A quel punto sarà introdotto lo sharding, nell’operazione denominata “Surge”. Lo sharding consiste nell’atto di divisione di un database o, in questo caso, della blockchain, in varie chain parallele più piccole note come shard. Ethereum, grazie al Surge, avrà 64 shard, distribuendo il carico del lavoro su 64 nuove chain, e potrà godere della semplificazione dell’esecuzione di un nodo, riducendo drasticamente i requisiti hardware.
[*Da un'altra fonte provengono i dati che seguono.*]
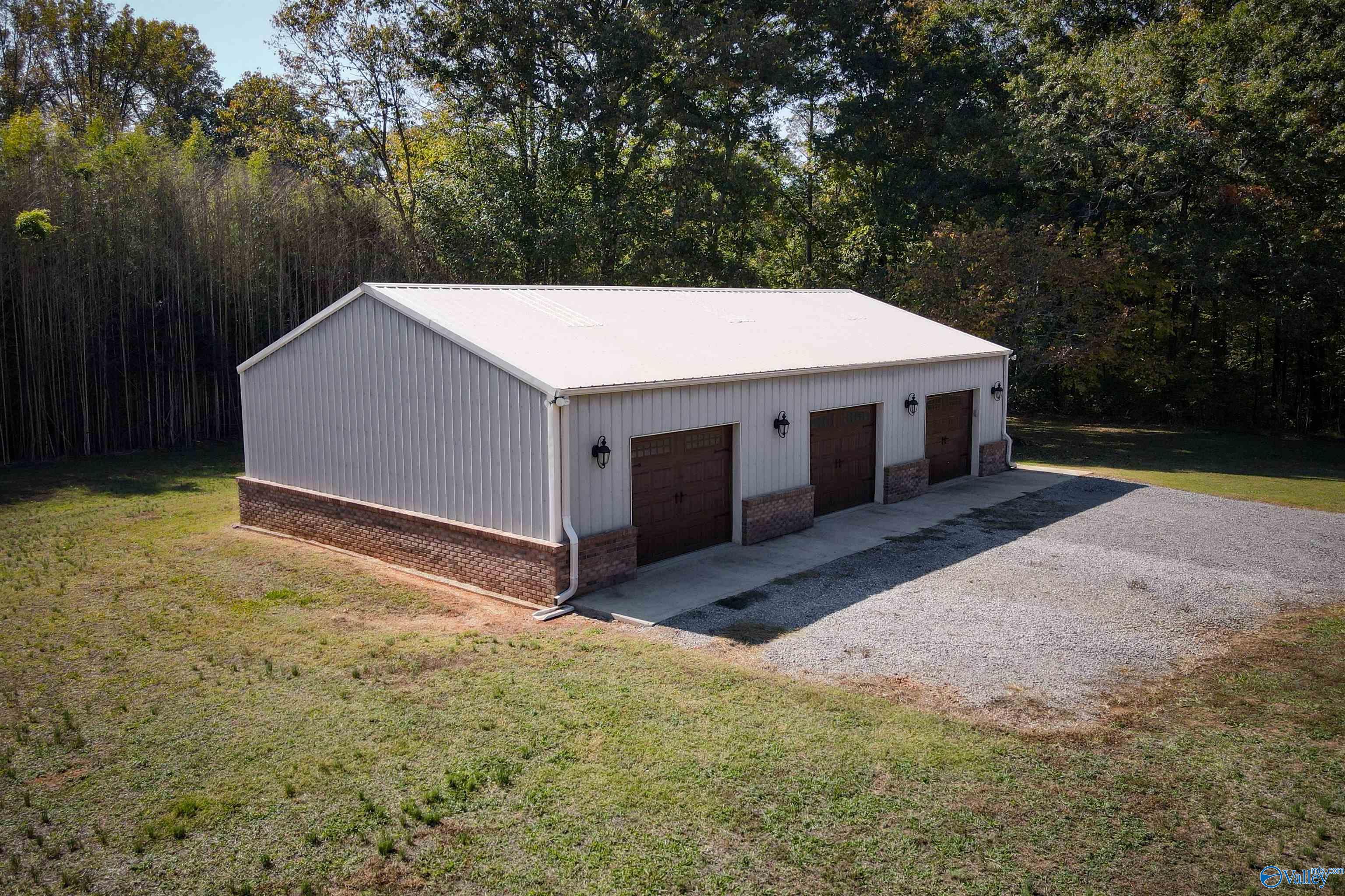 102 Lawrence Road, Hartselle, Alabama image 42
Validatori e altri utenti potranno poi eseguire i propri shard, convalidando le transazioni e impedendo alla mainnet di subire una congestione eccessiva. 

In questo modo, le gas fee potranno essere finalmente ridotte, portandole ad essere accettabili anche relativamente a piccoli trasferimenti, e portando Ethereum ad essere appetibile per un numero di investitori ancora maggiore. 

Ulteriori sviluppi

Il Merge e il Surge sono sicuramente i due aggiornamenti più importanti per la rete Ethereum, ma non sono gli unici. Nella roadmap di Ethereum ci sono infatti altri tre aggiornamenti, programmati da Buterin ma sfortunatamente anche implementabili non in tempi brevi. Il “Verge” il primo, ed è interamente focalizzato sui nodi validatori, indispensabili per lo staking. 

Il Verge dovrà servire a rendere più semplice l’apertura di un nodo di validazione, e a diminuire, nello stesso tempo, i prerequisiti hardware di cui hanno bisogno i computer per gestire un nodo. 

Purge” dovrebbe invece migliorare l’efficienza della rete, diminuendo la memoria richiesta dai nodi validatori, mentre “Splurge”, infine, dovrebbe in generale migliorare sensibilmente l’utilizzo del network, impiegando per esempio protocolli zero-knowledge.